Line by line, the data below should be set down unchanged, with images excluded.

• [Collected material]
----------

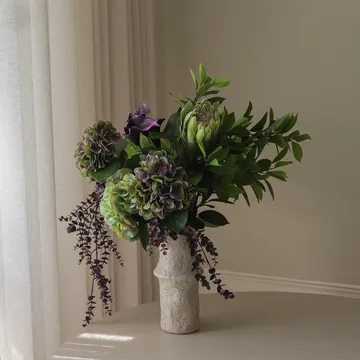 Ramo artificial Aubergine Bloom - Cala-hortensia-protea rey, 106 cm, 12 uds - Botané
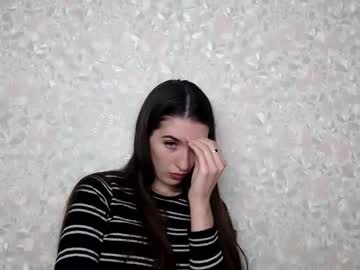 Lucyree63 Chaturbate stream image from February 19, 2025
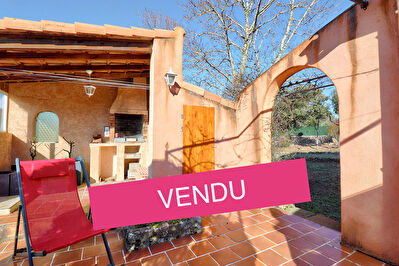 VILLA T4 AVEC VERANDA GARAGE JARDIN DE 2830M2 AU CALME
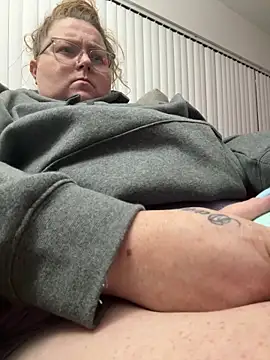 Snapshot of BBW2320 chatting on 09/21/25, 04:47 BBW2320 online show from 09/21/25, 04:47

----------

• [Written answer]
 Ramo artificial Aubergine Bloom - Cala-hortensia-protea rey, 106 cm, 12 uds - Botané
 Lucyree63 Chaturbate stream image from February 19, 2025
 VILLA T4 AVEC VERANDA GARAGE JARDIN DE 2830M2 AU CALME
 Snapshot of BBW2320 chatting on 09/21/25, 04:47 BBW2320 online show from 09/21/25, 04:47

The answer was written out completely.